• Work task
Could the listing below be reproduced exactly, minus its pictures?

• Task input
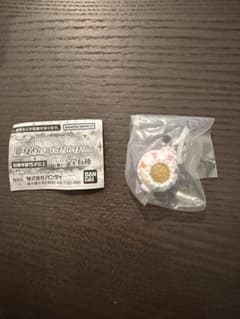 プリキュアオールスターズ　変身めじるしアクセサリー　スイーツパクトのサムネイル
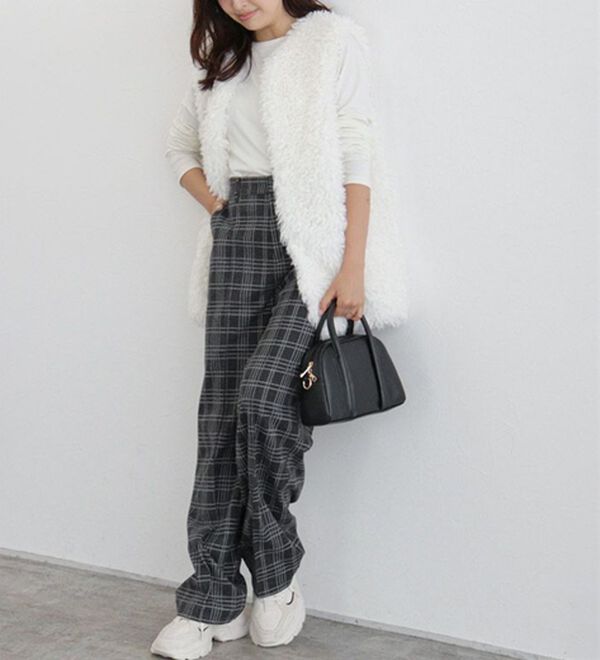 Pierrot（ピエロ）の「カシミヤタッチセミルーズストレートパンツ（フルレングスパンツ）」｜詳細画像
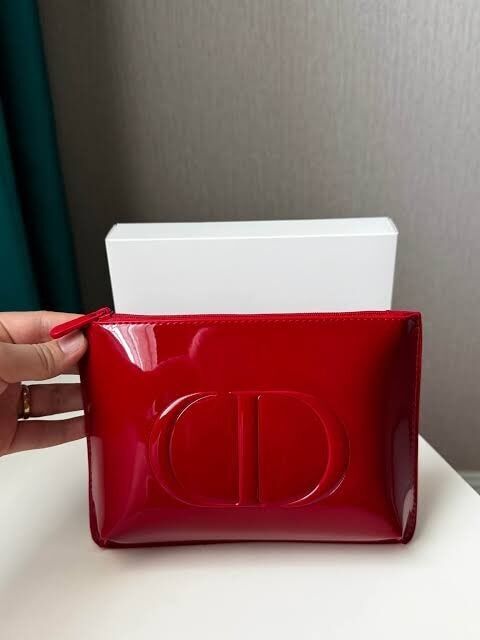 DIOR 紅色漆皮立體Logo 贈品化妝袋 (有盒)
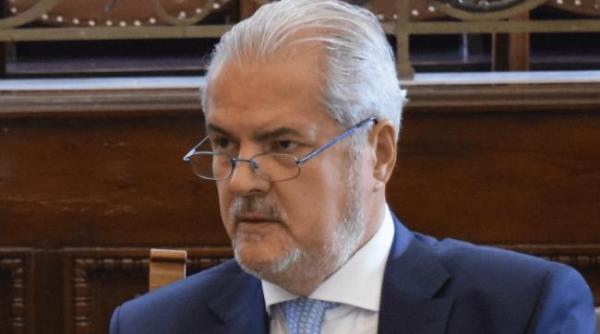 adrian nastase unde era atunci augustin lazar a protestat cumva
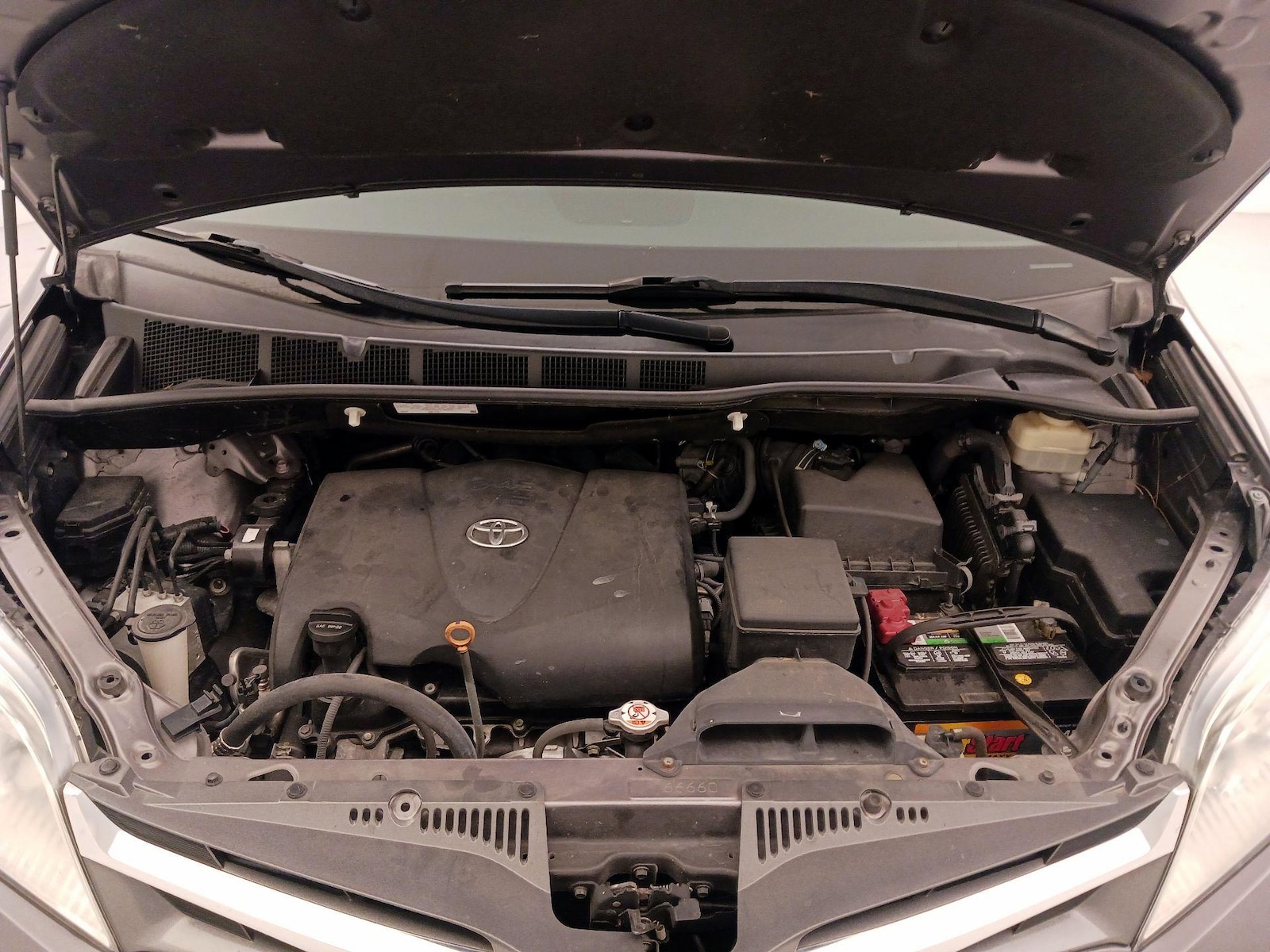 2019 Toyota Sienna 25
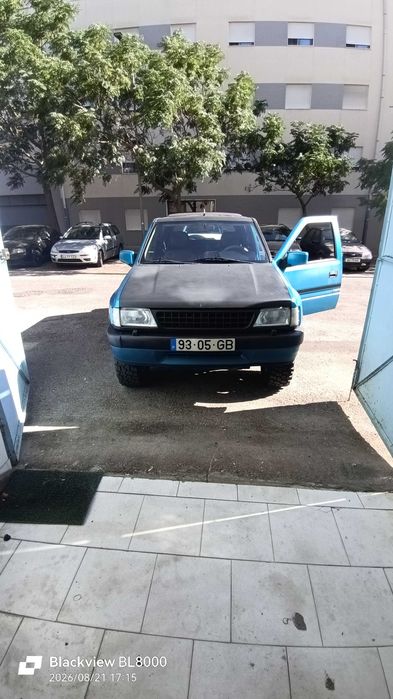 Vendo/Troco Opel Frontera A Motorização: 2.8 TDI Isuzu Diesel c/ 4 Pneus novos.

• Solution to the problem
 プリキュアオールスターズ　変身めじるしアクセサリー　スイーツパクトのサムネイル
 Pierrot（ピエロ）の「カシミヤタッチセミルーズストレートパンツ（フルレングスパンツ）」｜詳細画像
 DIOR 紅色漆皮立體Logo 贈品化妝袋 (有盒)
 adrian nastase unde era atunci augustin lazar a protestat cumva
 2019 Toyota Sienna 25
 Vendo/Troco Opel Frontera A Motorização: 2.8 TDI Isuzu Diesel c/ 4 Pneus novos.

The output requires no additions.